Granted, the nuns would lecture us from time to time about waste and poverty in the world.  But the talk was academic rather than specific.  And the lectures, when they were specific, tended to focus on the hardships of black African babies, rather than on the difficulties of people living for instance in the slums and back streets of Dublin.

Of course the school was in Ireland and Ireland was still very much an agricultural country.  The emphasis was on itself and its historical background; on Britain only in so far as it had affected Ireland. 

I knew nothing about the economic depression in Britain nor do I recall ever having heard about the General Strike.  Even in our final years at school we were more likely to be studying the French Revolution, the Irish Famine, Yeats and the Irish poetry of Patrick Pearce and others.  I do remember learning about the Shannon Scheme and how Ireland was forging ahead with it in order to provide cheap electricity for the whole country.

This all sounds a bit like a pampered existence.  It was not, though I do believe we were cocooned away from the grim realities experienced at that time by so many.  My own family was certainly not wealthy, although undoubtedly there had been money in my parents' family backgrounds.

When it comes to money, however, I reckon my antecedents were pretty good at getting rid of it.

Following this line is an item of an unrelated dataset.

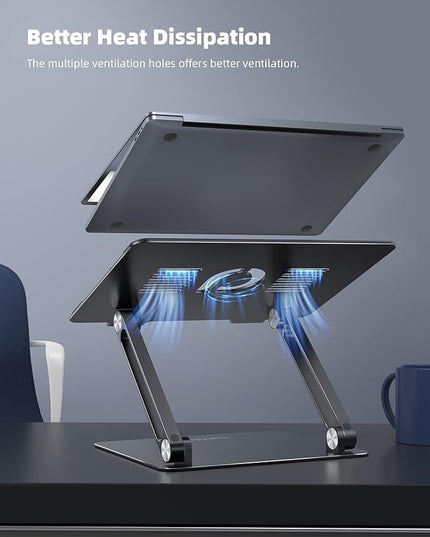 Lamicall Adjustable Laptop Stand, Portable Laptop Riser, Aluminum Laptop Stand for Desk Foldable, Ergonomic Computer Notebook Stand Holder for MacBook Air Pro, Dell XPS, HP (10-17.3'') - Black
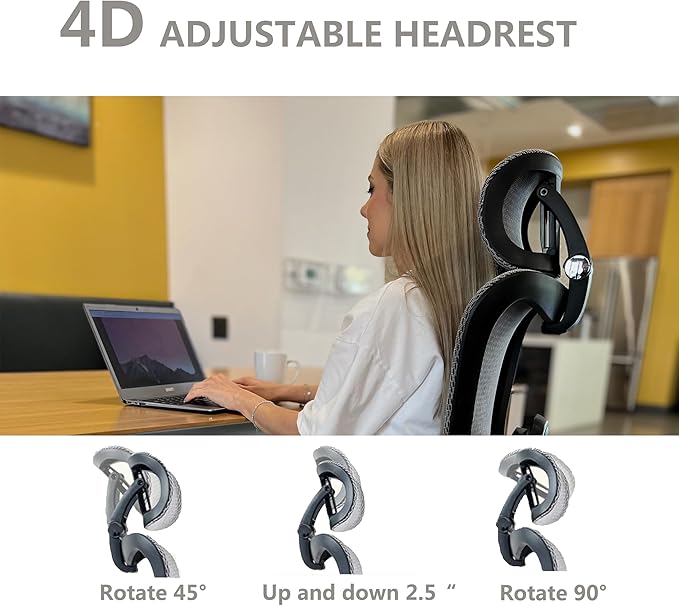 Ergonomic Office Chair, Big and Tall Mesh Home Office Desk Chair with Adjustable Lumbar Support, Gaming Chair with Headrest, 5D Armrest,90-130°Tilt, BIFMA Certified, Model Zen (Grey)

On the distaff side there were coalmines.  My maternal grandfather, however, was an academic, a brilliant linguist, with no interest in coalmining and no intention of taking part in the family business.  He was said to have spoken seven languages, not to mention several dialects.  I know very little about him, other than that he became the Master of a Workhouse and that he was apparently, rather fond of the bottle.  In the end his family cut him off.

My paternal grandfather was a businessman - though not a very good one.  An Alderman of Dublin City Council he was much more interested in civic affairs and particularly in the Richmond Hospital there.  Although he was three times nominated to be Lord Mayor, he declined the honour.  Obviously his civic duties took up a great deal of his time and his business was somewhat neglected.  But for my grandmother's efforts their corner of the rag trade would undoubtedly have been not a little passe.

But she was one very smart lady.  The story is told of her that at the precocious age of four years old, she was competently reading 'The Decline and Fall of the Roman Empire'.  I am afraid I cannot believe that she understood it, but one must allow for a little proud familial exaggeration.

Be that as it may, her husband died comparatively young,  leaving the business in decline.  My grandmother took over complete control.  Determined to restore it to a healthy state, she pulled it together again, no doubt by its corset strings.

The smart Dublin set knew where to go for their elegant clothes. Was that side of the business perhaps a sort of haute couture of the times?  A client would come in for a fitting and whilst putting up with the pinning and pinching and snipping, be revived by a dainty little cup of coffee.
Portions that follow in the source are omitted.